There are thousands of cases in which success causes failure. Sony, which clung to analog values such as the Walkman and missed the right moment to make the digital transition, is still having a hard time. IBM was in utter confusion in the 1980s as it did not participate in the PC trend. Toyota never stopped doubting its small successes, and its great triumph is the fruit of the philosophy that the enemy dwells within.
The boundaries of success and failure became vague as the business cycle shortens. Even Tom Peters, an expert in evolutionary theory, was put to shame because of this. In his 1982 book, “In Search of Excellence,” he made a careful selection of 43 supposedly excellent companies only to find two thirds of them had merged or gone bankrupt within five years. Fewer than half of the 50 enterprises listed in Fortune in 1996 didn’t last 10 years. Thirteen Korean corporations out of 30 dropped out in the same amount of time.

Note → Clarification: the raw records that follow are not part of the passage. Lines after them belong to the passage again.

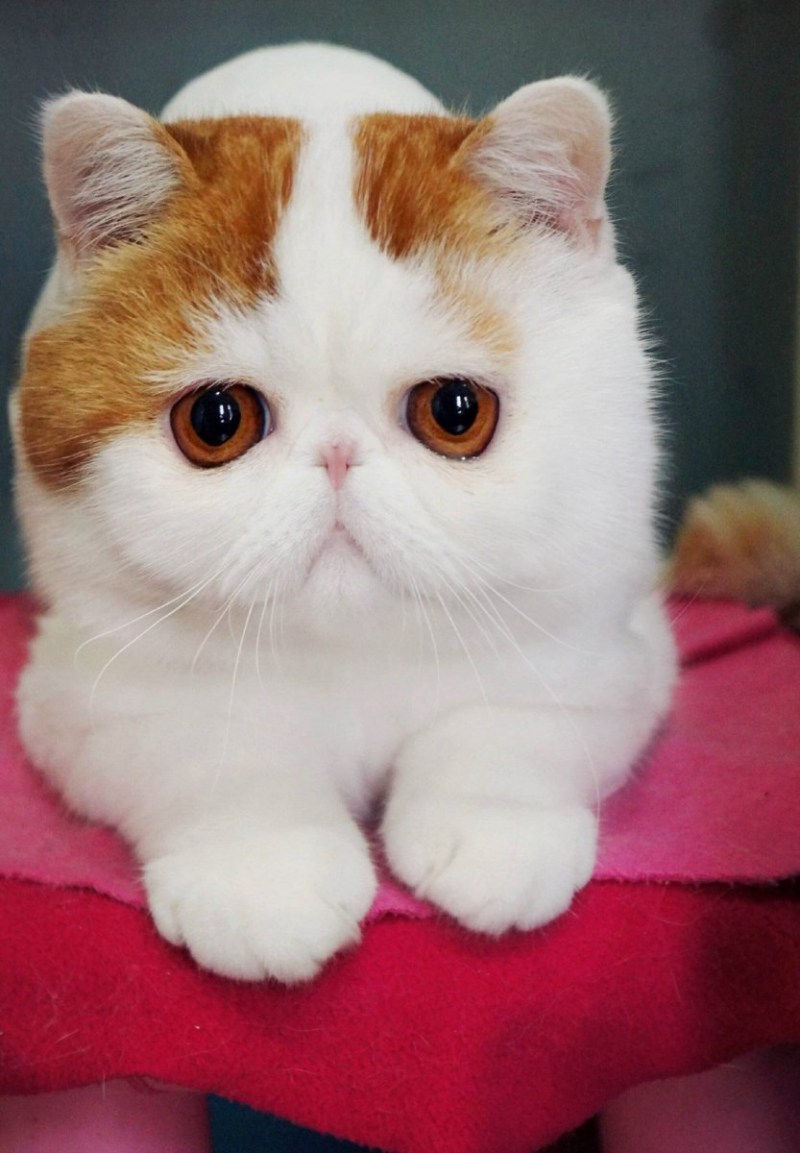 Экзотическая короткошерстная кошка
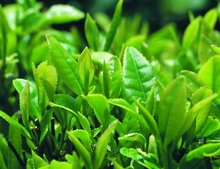 ob体育茶叶_360百科(图12)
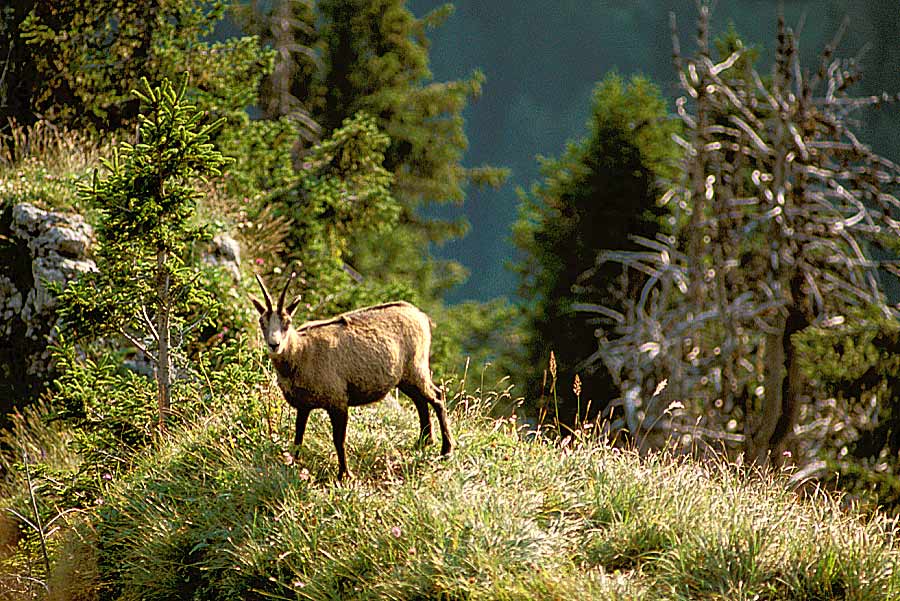 00chamois-4-e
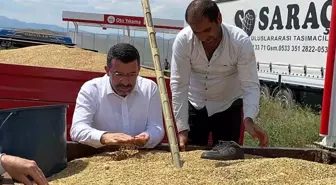 AK Parti Kars Milletvekili Adem Çalkın, Selim'de TMO alımlarını inceledi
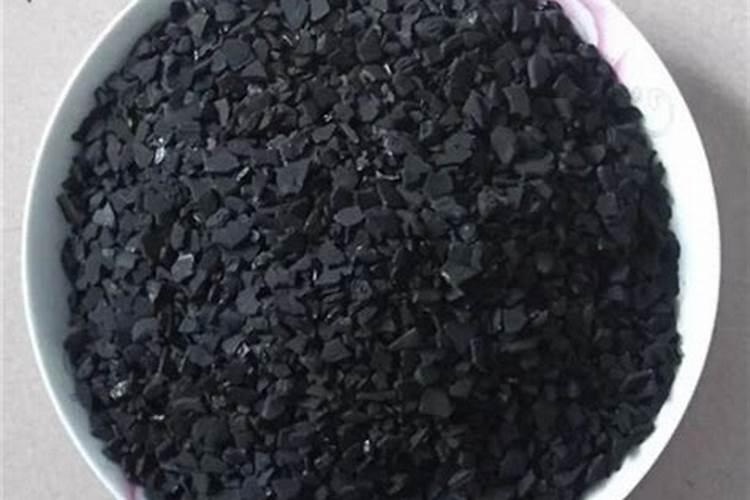 绿萝可以吸附甲醛吗？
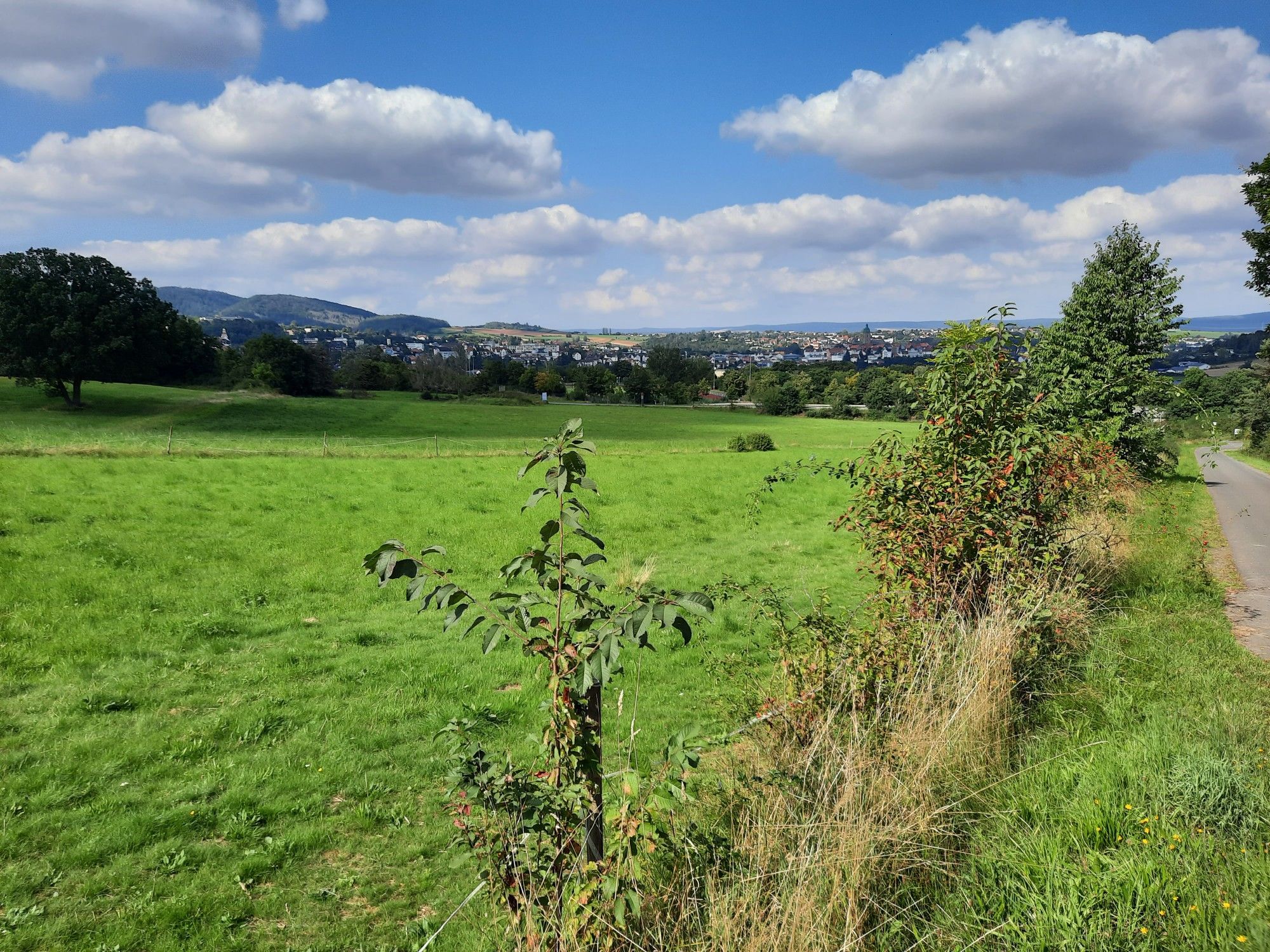  Blick auf Bad Wildungen 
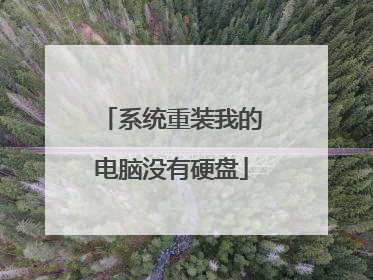 系统重装我的电脑没有硬盘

Samsung Heavy Industries, Engineering, and Techwin, the all-time “worst-three” among Samsung affiliates, are making progress in the stock market as they took a favorable turn in business. Meanwhile, other profiting major affiliates such as Samsung Electronics and SDI are holding back. There’s a saying that there is the former Samsung and the latter Samsung, which means that there is a huge gap between Samsung Electronics and other affiliates. The worst-three stood for the latter. The losers don’t have any time to waste. It may be accurate to say that only the desperate can survive. “The winners agonize while the losers tremble with fear,”a quote from Richard Parson’s “The Paradox of Innovation,” sounds more than appropriate. Anyway, Samsung Electronics had better let go of its sweet memories of success as soon as possible, just like Wal-Mart and GM did.

*The writer is a deputy business editor of the JoongAng Ilbo.